I'm so glad I didn't watch it on a very small 16 inch screen. According to me, the whole success (and hence the governing principle) of the Matrix movies is that they've been able to throw in all these abstruse concepts that don't quite make a lot of sense while one is watching the film unfold, but the danger to the commercial returns that this apparent profundity may cause is offset by the stunning effects that continues to hack a path in unknown territory. Which means I can walk into a screen, not expect to understand every piece of the story, but be immersed in the visual outrageousness, go home, read the script and various explanatory texts and arrive at an acceptable interpretation for myself. Good enough, I say. Hence the whole point of not watching the film with a free copy but on a monitor. The whole impact of the visuals is deprecated corresponding to a loss of every square inch than was originally intended.

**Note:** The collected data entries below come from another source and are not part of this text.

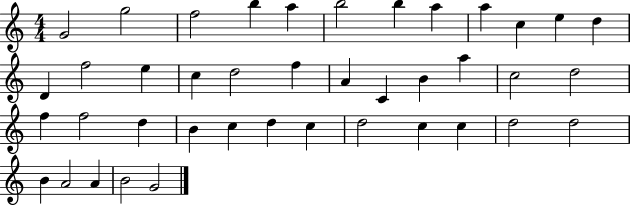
{
  \clef treble
  \numericTimeSignature
  \time 4/4
  \key c \major
  g'2 g''2 | f''2 b''4 a''4 | b''2 b''4 a''4 | a''4 c''4 e''4 d''4 | \break d'4 f''2 e''4 | c''4 d''2 f''4 | a'4 c'4 b'4 a''4 | c''2 d''2 | \break f''4 f''2 d''4 | b'4 c''4 d''4 c''4 | d''2 c''4 c''4 | d''2 d''2 | \break b'4 a'2 a'4 | b'2 g'2 | \bar "|."
} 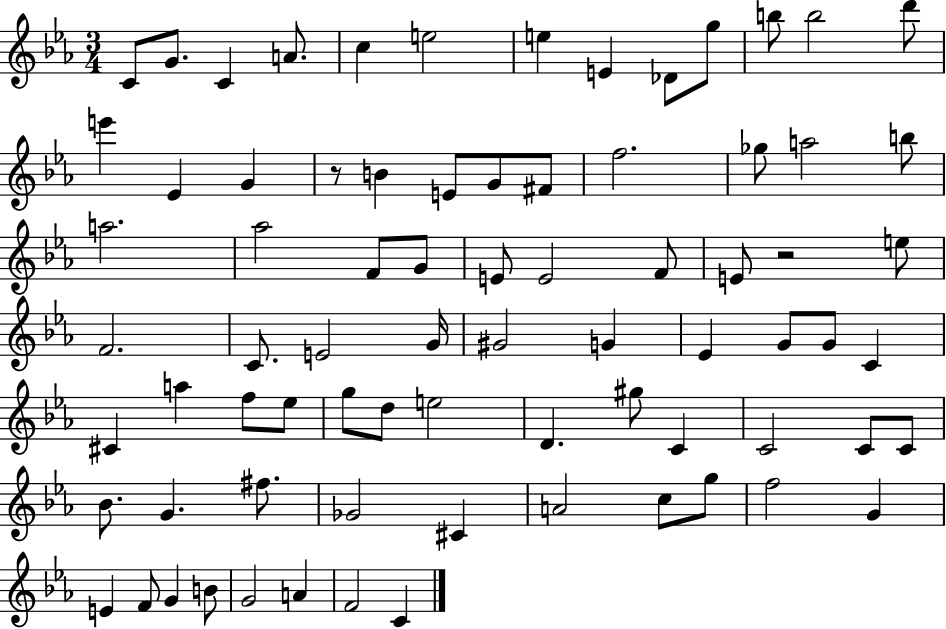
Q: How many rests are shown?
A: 2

I was happy to see Neo still a little baffled and not completely cocky and confident as it seemed he would be at the end of the first Movie. The usual collection (of old favourites as it now seems) were there: More glimmer in Trinity's costume, more black-Smiths, ripple of a shock wave - this time in a container truck than a building in a collision with a chopper, the spoon, the wine-coloured sofa with bits of stuffing visible and more bringing back from the dead. We had our eyes peeled for a glimpse of Trinity typing "ssh" and "nmap". Yep, I caught it. What colossal fun it all is!
I was just thinking that there are a few things that we'll be able to tell our children and even with the usual expectations of the future at that time being more strange than we can imagine today, we've seen a few things that will make their eyes pop out. The audacity of the September 11 attacks in a political sense perhaps, but undoubtedly, whovever sees the Matrix movies will be inundated by stories from their grandmas and grandpas about how it blew our collective imaginations then. And I think they'll understand.